▸ **Task objective**: Locate and copy each line in the data that contains the word "Canvas".

-*-*-

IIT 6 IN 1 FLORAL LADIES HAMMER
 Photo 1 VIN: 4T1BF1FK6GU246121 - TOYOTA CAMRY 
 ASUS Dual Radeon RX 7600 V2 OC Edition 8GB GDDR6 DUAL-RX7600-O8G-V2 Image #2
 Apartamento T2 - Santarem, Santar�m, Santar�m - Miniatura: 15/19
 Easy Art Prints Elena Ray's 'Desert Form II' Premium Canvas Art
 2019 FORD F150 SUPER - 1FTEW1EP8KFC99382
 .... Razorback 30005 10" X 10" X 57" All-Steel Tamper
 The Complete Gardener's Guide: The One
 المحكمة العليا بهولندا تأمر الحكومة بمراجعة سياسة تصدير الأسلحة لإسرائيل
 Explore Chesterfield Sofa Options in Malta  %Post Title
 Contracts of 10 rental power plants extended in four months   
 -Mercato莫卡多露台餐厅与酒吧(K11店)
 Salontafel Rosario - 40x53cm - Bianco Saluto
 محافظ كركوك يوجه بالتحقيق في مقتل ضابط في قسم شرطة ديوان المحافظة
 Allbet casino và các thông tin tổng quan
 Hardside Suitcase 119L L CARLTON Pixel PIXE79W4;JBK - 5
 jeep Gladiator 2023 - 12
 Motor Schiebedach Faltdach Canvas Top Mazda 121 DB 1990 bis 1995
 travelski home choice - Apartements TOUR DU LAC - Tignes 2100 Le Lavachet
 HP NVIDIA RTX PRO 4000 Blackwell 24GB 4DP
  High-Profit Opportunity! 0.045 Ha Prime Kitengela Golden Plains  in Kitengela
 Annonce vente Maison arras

-*-*-

▸ **Result**:
 Easy Art Prints Elena Ray's 'Desert Form II' Premium Canvas Art
 Motor Schiebedach Faltdach Canvas Top Mazda 121 DB 1990 bis 1995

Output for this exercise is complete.